Limitations and constraints
Controls over lobbying
Lobbyists are required to register with the clerk of the House and the secretary of the Senate and indicate what group they are representing, the amount of their salary or compensation, and what types of expenses are reimbursed to them. They also have to file quarterly financial statements. These controls, which admittedly have not been effective in limiting abuse, date from the 1946 Federal Regulation of Lobbying Act. In addition, lobbyists who represent foreign governments or corporations must register with the Justice Department as agents of those countries.

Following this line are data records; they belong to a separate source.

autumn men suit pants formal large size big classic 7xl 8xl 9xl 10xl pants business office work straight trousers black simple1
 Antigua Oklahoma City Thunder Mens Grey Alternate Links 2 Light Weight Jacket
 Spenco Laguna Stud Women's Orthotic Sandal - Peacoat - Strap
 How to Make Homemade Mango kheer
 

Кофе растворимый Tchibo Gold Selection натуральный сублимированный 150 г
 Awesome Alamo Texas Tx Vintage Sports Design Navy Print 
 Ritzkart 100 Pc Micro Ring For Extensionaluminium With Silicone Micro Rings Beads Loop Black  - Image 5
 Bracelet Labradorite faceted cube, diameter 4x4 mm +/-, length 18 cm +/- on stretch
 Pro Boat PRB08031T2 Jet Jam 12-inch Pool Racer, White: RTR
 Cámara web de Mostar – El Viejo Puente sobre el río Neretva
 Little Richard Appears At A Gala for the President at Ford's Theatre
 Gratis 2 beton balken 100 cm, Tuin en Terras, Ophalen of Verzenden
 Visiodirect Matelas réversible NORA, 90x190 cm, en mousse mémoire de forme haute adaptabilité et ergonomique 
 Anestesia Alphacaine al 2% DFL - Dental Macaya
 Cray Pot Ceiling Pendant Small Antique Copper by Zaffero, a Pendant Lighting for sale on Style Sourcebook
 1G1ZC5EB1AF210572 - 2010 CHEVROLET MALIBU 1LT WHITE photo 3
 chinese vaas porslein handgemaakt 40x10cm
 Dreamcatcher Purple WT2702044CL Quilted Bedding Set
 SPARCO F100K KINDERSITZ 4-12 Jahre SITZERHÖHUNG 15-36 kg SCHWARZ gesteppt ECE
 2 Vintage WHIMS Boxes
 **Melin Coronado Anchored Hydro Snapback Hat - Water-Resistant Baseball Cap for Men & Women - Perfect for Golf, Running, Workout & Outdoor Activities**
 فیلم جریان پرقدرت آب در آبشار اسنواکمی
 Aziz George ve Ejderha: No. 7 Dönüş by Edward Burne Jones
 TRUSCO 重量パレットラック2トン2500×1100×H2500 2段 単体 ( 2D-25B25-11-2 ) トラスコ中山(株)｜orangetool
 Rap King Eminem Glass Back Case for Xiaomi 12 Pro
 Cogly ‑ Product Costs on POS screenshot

Congress has also attempted to slow down the so-called "revolving door" by which an official begins to lobby his or her colleagues immediately after leaving a government position. Under the 1978 Ethics in Government Act, senior executive branch officials cannot lobby federal agencies on a matter that fell within their scope of responsibility for two years after leaving government service. In addition, they are prohibited from lobbying anyone in their former agency 1) on any issue for one year and 2) forever on matters that they were involved in.
Reforms adopted in 1995, banned all gifts to members of the House and put limits on the value of gifts to senators. The legislation also required lobbyists to disclose the issues and bills they worked on and the branches of government they contacted. Stricter rules regarding lobbying were also adopted by Congress in 2007 in response to highly publicized scandals. The Senate now bars all gifts from lobbyists, lobbyists are required to disclose payments to organizations controlled by or named for a member of Congress, and "bundled" contributions from lobbyists are more closely scrutinized.
Other commentators would further point out that the system works to limit existing barriers which stop full participation. In their view, the system of regulations and constraints placed on pressure groups prevents them from becoming too powerful or dominating the system. In particular, they would point towards the following examples:
· Federal Election Campaigns Act 1974: restricted the influence of wealth by setting limits on individual donations and establishing a system of federal funding for major party candidates.
· Bipartisan Campaign Reform Act 2002: tightened the restrictions from the previous act by regulating soft money and introducing advertising restrictions. However, most of its effect was overturned in Citizens United v FEC and SpeechNow.Org v FEC
· Lobbying Disclosure Act 1995: widened the requirements for lobbyists to register their activities while also banning the giving of gifts.
· Honest Leadership and Open Government Act 2007: attempted to close the revolving door by introducing a 'cooling-off' period after leaving office, while also extending the ban on gifts and requirements for full disclosure of lobbying activities.